## Data shown
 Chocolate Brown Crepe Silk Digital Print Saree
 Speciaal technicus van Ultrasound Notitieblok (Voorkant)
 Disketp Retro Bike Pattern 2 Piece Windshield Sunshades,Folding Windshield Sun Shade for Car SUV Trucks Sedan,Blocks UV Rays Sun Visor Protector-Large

--

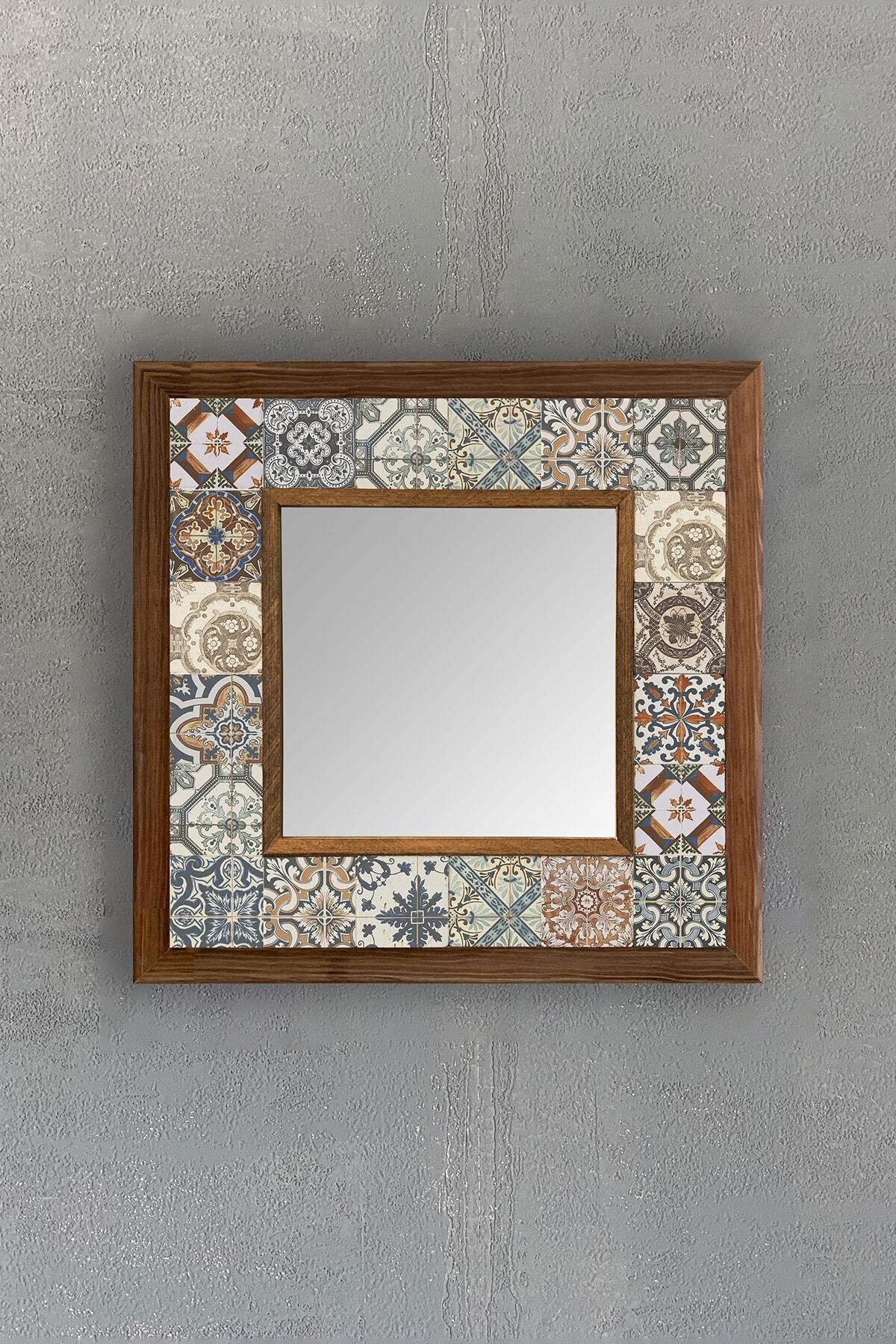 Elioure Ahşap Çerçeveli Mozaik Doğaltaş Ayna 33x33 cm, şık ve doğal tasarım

## Work order
In the material above, locate the line containing "Chocolate Brown Crepe" and the line containing "Disketp Retro Bike". Transcribe exactly those two lines and every line between them, and nothing more.

## The answer
 Chocolate Brown Crepe Silk Digital Print Saree
 Speciaal technicus van Ultrasound Notitieblok (Voorkant)
 Disketp Retro Bike Pattern 2 Piece Windshield Sunshades,Folding Windshield Sun Shade for Car SUV Trucks Sedan,Blocks UV Rays Sun Visor Protector-Large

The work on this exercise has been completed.